Data breaches, drones, NSA surveillance — as much as these issues have captured the minds of consumers, pundits and government agencies, we have not yet seen the real privacy problems that will soon face us. What happens when devices become proxies for public resources? With the growing asymmetry between those who are gathering and those who are the subjects, it will be critical to create new frameworks for accountability to ensure that privacy and big data can coexist in the future.
To create a little context that will frame this discussion, for many years the traditional privacy regime governing how we collect and protect personal information has been based on privacy principles outlined in the FTC’s Fair Information Practice Principles (FIPPs) and a set of eight fair information practices codified in the OECD Guidelines on the Protection of Privacy and Transborder Flows of Personal Data. These require that data be collected only when needed and collected accurately – for a particular purpose, with limited use, kept securely, with openness and transparency, and with the right of individual subjects to review their data and complete accountability of the data collector to the individual.
However, many of these principles are tremendously difficult if not impossible in the world of big data. Big data is generally characterized by “velocity,” “variety” and “volume” of such magnitude that it may be combined to create information that was previously not available. I’ve read many interesting definitions of big data, but two powerful ones raised by Gil Press at Forbes are:
“The belief that the more data you have the more insights and answers will rise automatically from the pool of ones and zeros.”
“A new attitude by businesses, non-profits, government agencies, and individuals that combining data from multiple sources could lead to better decisions.”
Predictive Privacy Harms
With the increased demand for big data in modern business, we need to consider the ideas of consent and choice even when examining concepts like predictive privacy harms — situations where companies may not have collected any personally identifiable information (PII), but have gathered low-level information such as a “Like” on Facebook or a one-time purchase.
So why does this low-level information matter in terms of privacy? To a certain extent, when customers shop on the Internet, they are already used to targeted advertising. Shopping websites like Amazon track progress through their sites and capture shopping habits, allowing them to suggest items that may be of interest. Consider how this compares to in-store tracking and what department stores already do today – keeping track of frequent purchases to allow them to send coupons or promotional information to entice you back into the store.

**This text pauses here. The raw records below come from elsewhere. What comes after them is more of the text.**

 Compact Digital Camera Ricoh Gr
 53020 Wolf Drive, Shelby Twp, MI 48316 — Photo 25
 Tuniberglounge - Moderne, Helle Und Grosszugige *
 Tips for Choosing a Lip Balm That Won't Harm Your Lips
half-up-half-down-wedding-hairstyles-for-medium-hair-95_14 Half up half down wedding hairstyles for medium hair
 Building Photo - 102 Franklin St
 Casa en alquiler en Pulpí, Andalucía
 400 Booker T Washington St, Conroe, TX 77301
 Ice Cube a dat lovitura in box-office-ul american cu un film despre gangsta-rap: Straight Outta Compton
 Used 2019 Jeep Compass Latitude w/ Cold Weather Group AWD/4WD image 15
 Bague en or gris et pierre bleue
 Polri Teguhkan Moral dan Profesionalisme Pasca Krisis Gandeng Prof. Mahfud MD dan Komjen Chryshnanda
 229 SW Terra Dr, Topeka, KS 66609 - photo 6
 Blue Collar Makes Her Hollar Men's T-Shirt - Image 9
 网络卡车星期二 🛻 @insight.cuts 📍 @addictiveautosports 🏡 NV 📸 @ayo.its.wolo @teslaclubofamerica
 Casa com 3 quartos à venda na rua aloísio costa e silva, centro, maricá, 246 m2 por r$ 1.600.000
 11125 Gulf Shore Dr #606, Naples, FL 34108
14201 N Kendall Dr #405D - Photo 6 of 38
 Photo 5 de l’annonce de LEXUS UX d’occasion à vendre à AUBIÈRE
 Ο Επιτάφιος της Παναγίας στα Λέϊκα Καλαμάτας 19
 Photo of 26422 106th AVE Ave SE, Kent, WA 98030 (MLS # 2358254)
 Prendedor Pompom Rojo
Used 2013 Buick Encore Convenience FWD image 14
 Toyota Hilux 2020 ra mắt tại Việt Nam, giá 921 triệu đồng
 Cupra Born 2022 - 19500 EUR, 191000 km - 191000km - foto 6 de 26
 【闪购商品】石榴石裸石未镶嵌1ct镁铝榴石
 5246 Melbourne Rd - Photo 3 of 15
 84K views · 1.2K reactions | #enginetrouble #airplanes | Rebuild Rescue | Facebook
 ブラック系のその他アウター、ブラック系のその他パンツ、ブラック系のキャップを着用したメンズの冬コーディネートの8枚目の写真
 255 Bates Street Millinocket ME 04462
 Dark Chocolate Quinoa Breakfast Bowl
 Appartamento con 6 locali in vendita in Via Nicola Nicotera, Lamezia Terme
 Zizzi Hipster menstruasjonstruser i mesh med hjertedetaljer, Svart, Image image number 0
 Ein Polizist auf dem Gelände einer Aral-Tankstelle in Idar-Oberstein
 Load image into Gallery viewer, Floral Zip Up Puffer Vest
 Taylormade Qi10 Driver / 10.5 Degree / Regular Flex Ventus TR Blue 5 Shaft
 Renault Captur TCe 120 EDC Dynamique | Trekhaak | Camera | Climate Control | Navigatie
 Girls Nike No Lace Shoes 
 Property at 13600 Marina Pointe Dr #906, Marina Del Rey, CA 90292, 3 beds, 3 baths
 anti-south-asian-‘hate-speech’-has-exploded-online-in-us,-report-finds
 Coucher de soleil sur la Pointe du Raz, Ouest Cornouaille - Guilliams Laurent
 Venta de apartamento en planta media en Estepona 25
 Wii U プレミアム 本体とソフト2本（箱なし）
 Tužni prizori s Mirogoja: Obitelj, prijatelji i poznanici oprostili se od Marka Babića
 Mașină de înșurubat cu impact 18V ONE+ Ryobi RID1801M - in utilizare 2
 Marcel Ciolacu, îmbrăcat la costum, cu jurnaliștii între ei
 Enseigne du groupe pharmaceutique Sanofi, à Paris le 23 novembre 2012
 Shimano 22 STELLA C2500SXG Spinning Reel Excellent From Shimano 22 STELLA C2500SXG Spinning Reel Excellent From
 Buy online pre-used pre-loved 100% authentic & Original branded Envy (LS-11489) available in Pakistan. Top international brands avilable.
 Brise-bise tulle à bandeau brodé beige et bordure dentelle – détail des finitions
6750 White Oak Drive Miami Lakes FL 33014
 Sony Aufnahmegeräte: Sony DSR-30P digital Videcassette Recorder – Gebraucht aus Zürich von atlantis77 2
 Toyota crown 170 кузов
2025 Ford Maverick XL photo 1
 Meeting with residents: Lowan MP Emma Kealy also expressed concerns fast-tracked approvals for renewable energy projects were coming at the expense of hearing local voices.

Here is where I make the distinction and draw the proverbial line in the sand. If I walk into a store and I want to identify myself, it is my choice. Part of the experience of shopping is the ability to walk around unknown and anonymously, slipping in and out of aisles and browsing around where nobody knows my name. If I want or need help and attention, I can ask for it. Online or in-person, I believe that individuals should have the right to ask for help if they need it, and remain undisturbed if they don’t — to share their information if they want to and to choose the purpose for which they are providing it.
Legislation or regulation alone may not be the answer to this problem. Rather, the key lies in a combination of regulation — from both the government and through the organizations collecting this data — and the power of consumers themselves.
I’d like to suggest that organizations and government agencies can do more to help protect customers by building a framework based on the FIPPs principles, where data itself is tagged with privacy preferences as it flows between systems — allowing consent to be applied. If we understand what the data is and how it was collected (through a UI or even an Internet of Things device), we can further determine whether or not the subject of the data (employee, customer or partner) may establish their preferences at the collection point.
For example, if a business is collecting information from a customer through a wearable fitness device, then the customer — upon registration of the device — can indicate whether or not the company may use such personal data to provide individualized goals, incentives and information that compares them with other people in their age group. The data collected from that person could be further tagged with privacy preferences so that the company could potentially use that data in the future for health research or to share with third parties. In this way, even if the purpose of the data collection changes over time, the profiles and preferences could be examined and updated.
The information that companies hold about their employees, customers and partners — as well as other sensitive information — is increasing exponentially over time. This rapid acceleration of data collection and manipulation holds the promise of tremendous competitive advantage for those that can effectively use it. However, in order for effective data management and collaboration to turn into a competitive advantage for the business, timely access to data and multi-directional communication flow — with the right risk management filters in place — are essential to ensure that data is available to those who need it, and kept from those who shouldn’t have access.
Companies can repurpose their compliance programs, which have traditionally been viewed as a cost center, and turn this previously untapped information into a business asset. This not only creates a quantifiable return on investment for data security and privacy programs, but also helps the company increase productivity and stay out of regulatory hot water.